Into Rudy’s life comes Isabella (Camila Mendes) with an ichthyological meet-cute for the ages. He doesn’t want a new relationship, but there’s something about Isabella’s comfort in her own skin and clear vision for her life that he finds irresistible. It doesn’t hurt that she’s a knockout without even trying.
The story, which is divided into different musical modes, progresses with background actors breaking into a production numbers, time and space condense into the cinematic version of a musical medley with break-away sets and exquisite timing, and a subway singer provides the Greek chorus to Rudy’s progress in sorting out his life. Even the hoary trope of trying to have separate dates with two different women at the same time and the same location takes on a refreshingly original vibe courtesy of a keyboard player who can communicate with (and comment on) Rudy dashing between women with increasingly fevered anxiety and decreasingly plausible excuses. Plus, never has cultural cluelessness been better represented than with Rudy’s disastrous dinner with Haley’s whiter-than-white family. It’s funny, it’s smart, and it will make you squirm (as it should).

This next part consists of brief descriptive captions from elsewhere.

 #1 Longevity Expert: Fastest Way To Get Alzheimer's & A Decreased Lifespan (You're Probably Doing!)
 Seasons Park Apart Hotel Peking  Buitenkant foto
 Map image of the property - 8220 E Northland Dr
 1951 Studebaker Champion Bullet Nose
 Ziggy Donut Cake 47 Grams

Rudy’s obsession with music is in every frame of film, from the way he arranges his breakfast toast and sausage into an ersatz keyboard, to the thousand-mile stare Mancuso strikes when he slips into a world of pure music. Mancuso brings what is going on in Rudy’s head with an energizing sequence in which he “conducts” his surroundings with authority and insight that doesn’t make Isabella hear or see what he does, but does intrigue her into a bemused admiration.

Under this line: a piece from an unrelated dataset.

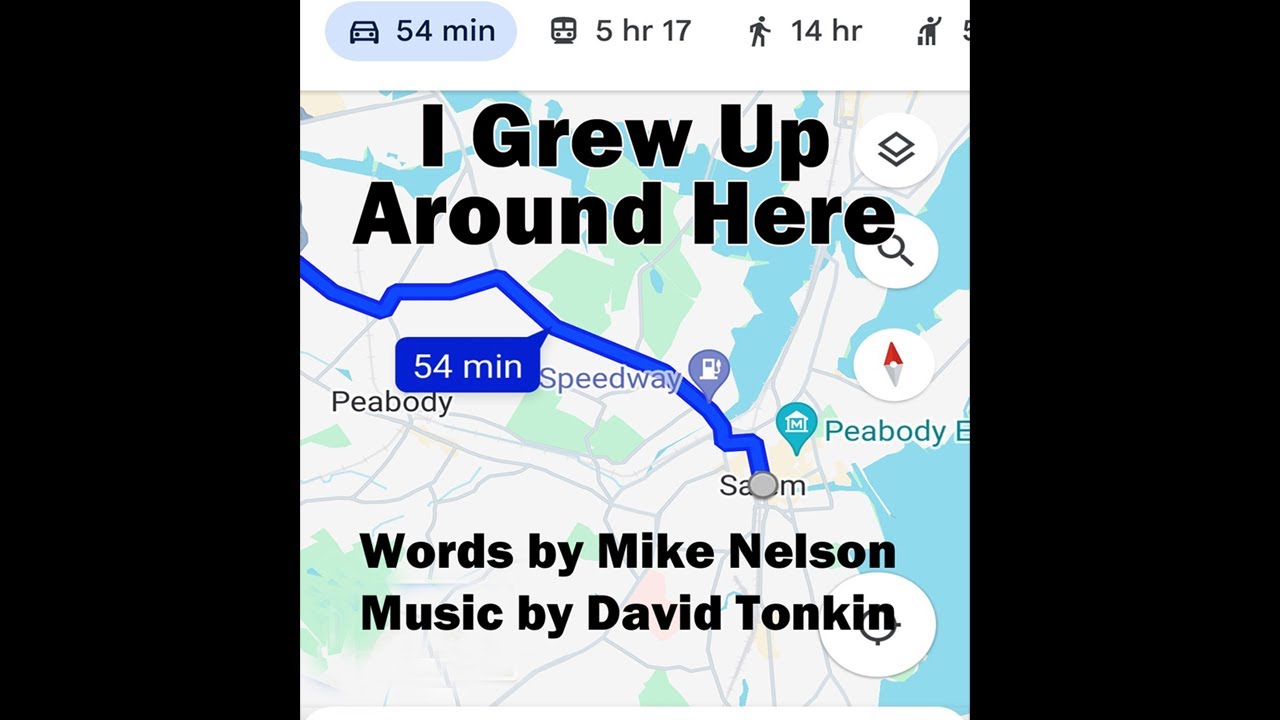 I Grew Up Around Here - Mike Nelson and David Tonkin - YouTube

As for the way Rudy mixes music and puppets, it is executed with a stroke of genius. Diego is as fully formed a character as any of the humans, and even if their conversations are essentially Rudy talking to himself, they have a well-balanced dramatic tension combined with a light absurdist touch that works fetchingly on many levels.
The same can be said of MUSICA as a whole. It uses its expect-the-unexpected idiom to an advantage that finds the truth in the ridiculous, and the ridiculous in the ordinary. All while simultaneously castigating and adoring its Newark location. And charming us with a hero caught between cultures, women, and life choices who just can’t make up his mind but is eminently enjoyable in his dithering.